Exercise: Look below for the line that contains "LTR10EZPF2000 Image.", then quote it and all the lines after it, exactly, with the pictures left out.

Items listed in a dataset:
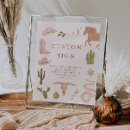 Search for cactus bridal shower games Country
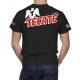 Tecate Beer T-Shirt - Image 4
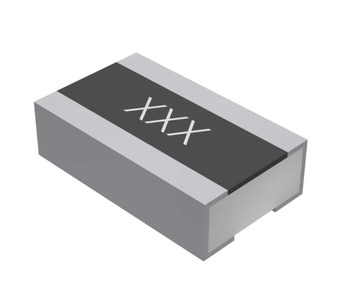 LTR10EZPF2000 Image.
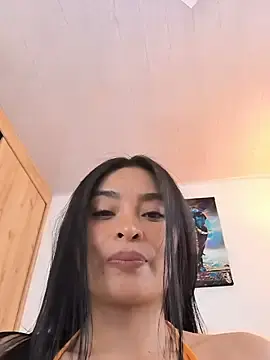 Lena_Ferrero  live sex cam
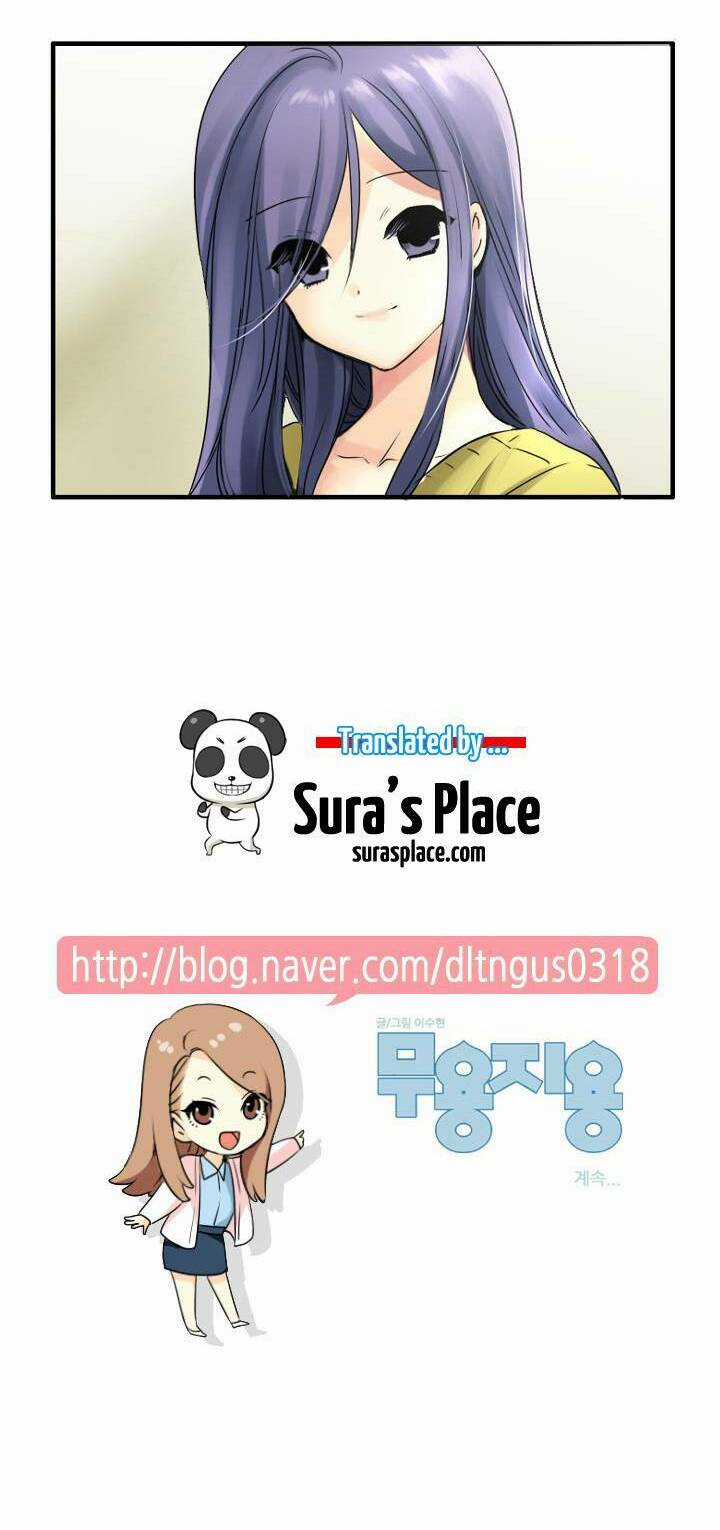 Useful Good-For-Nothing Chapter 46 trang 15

Solution to the problem:
 LTR10EZPF2000 Image.
 Lena_Ferrero  live sex cam
 Useful Good-For-Nothing Chapter 46 trang 15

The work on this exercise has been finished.